(Task details) Set down precisely the lines from the line with "Bedding Set with" through the end of the material, inclusive, and no pictures.

(Data segment)
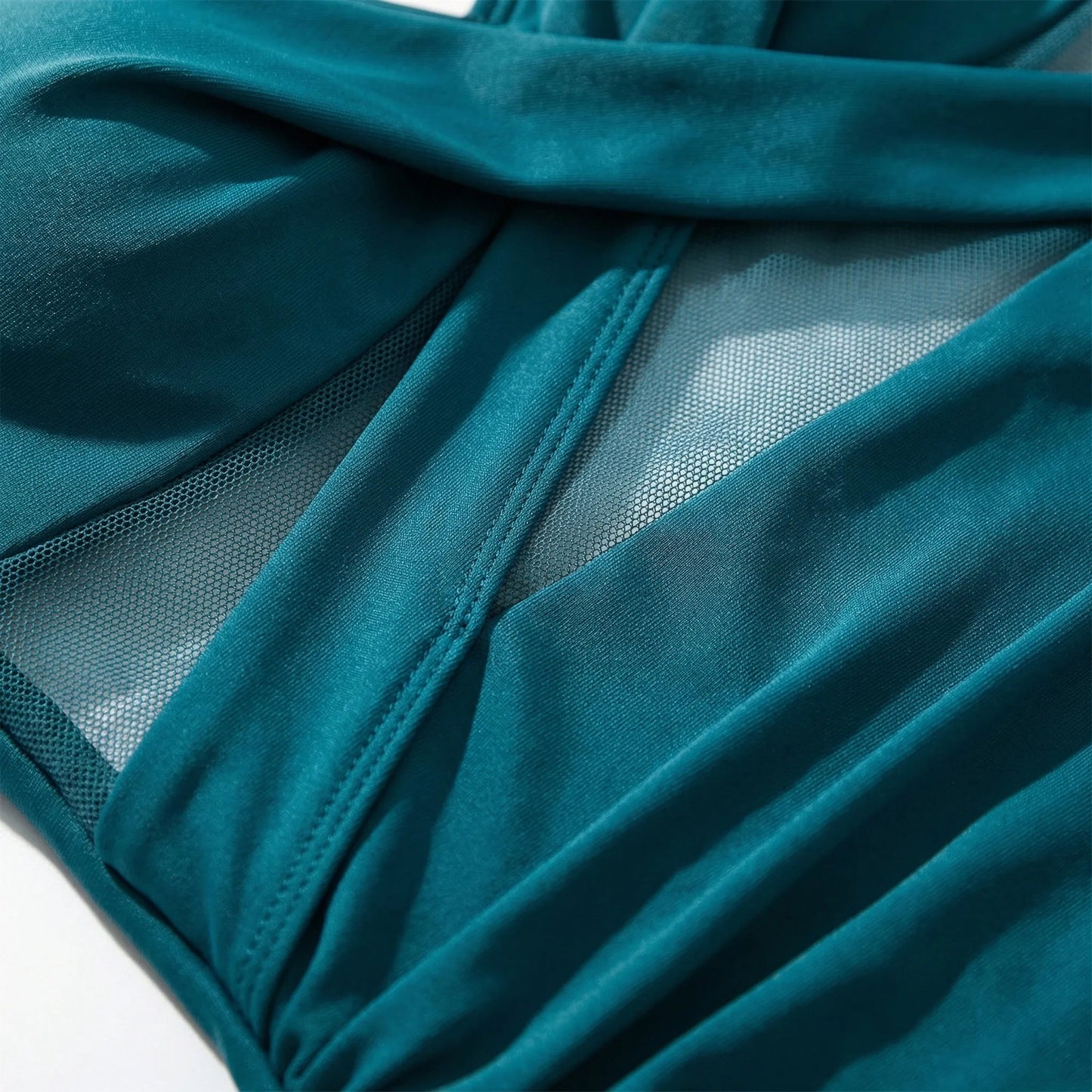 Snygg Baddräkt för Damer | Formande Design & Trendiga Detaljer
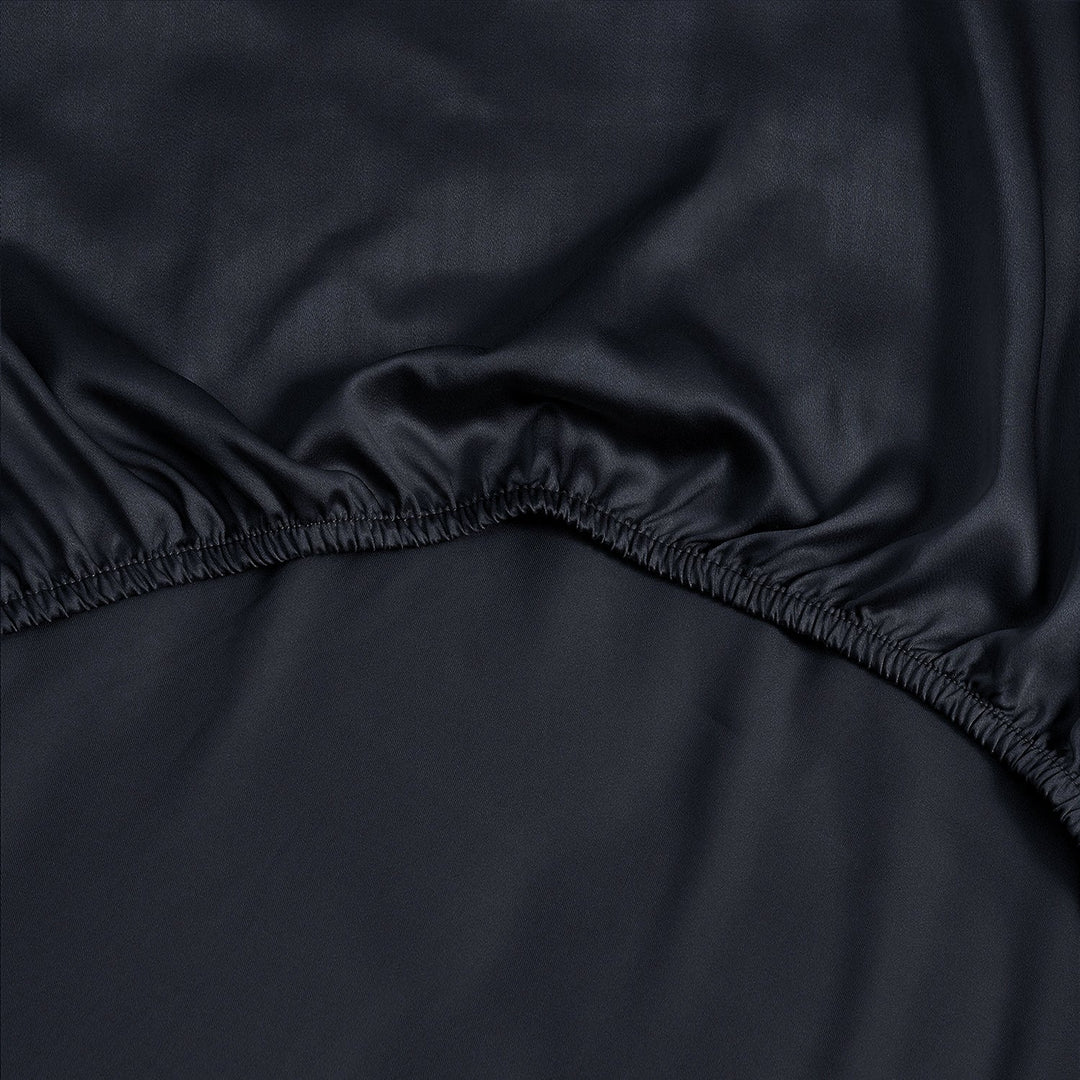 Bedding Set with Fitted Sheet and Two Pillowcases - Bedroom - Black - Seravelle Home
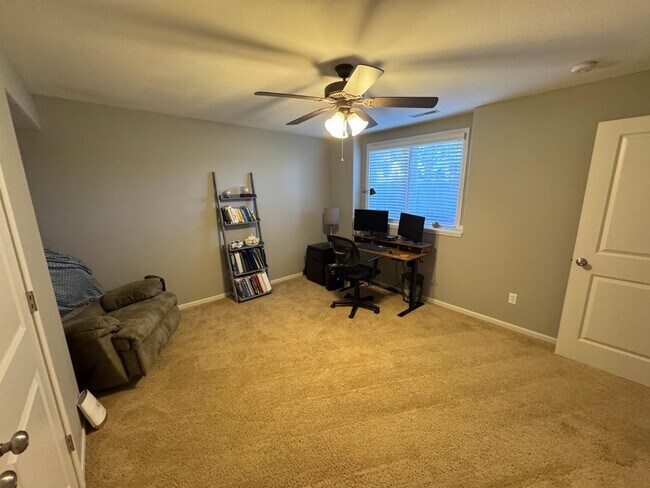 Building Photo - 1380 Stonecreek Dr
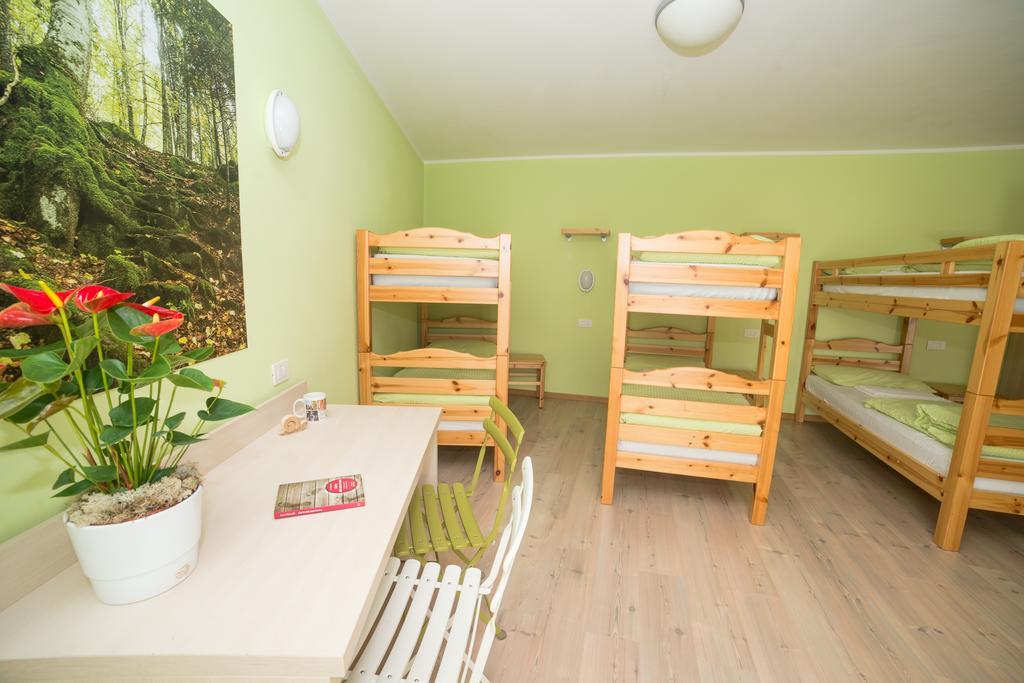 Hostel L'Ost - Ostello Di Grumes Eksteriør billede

(Task output)
 Bedding Set with Fitted Sheet and Two Pillowcases - Bedroom - Black - Seravelle Home
 Building Photo - 1380 Stonecreek Dr
 Hostel L'Ost - Ostello Di Grumes Eksteriør billede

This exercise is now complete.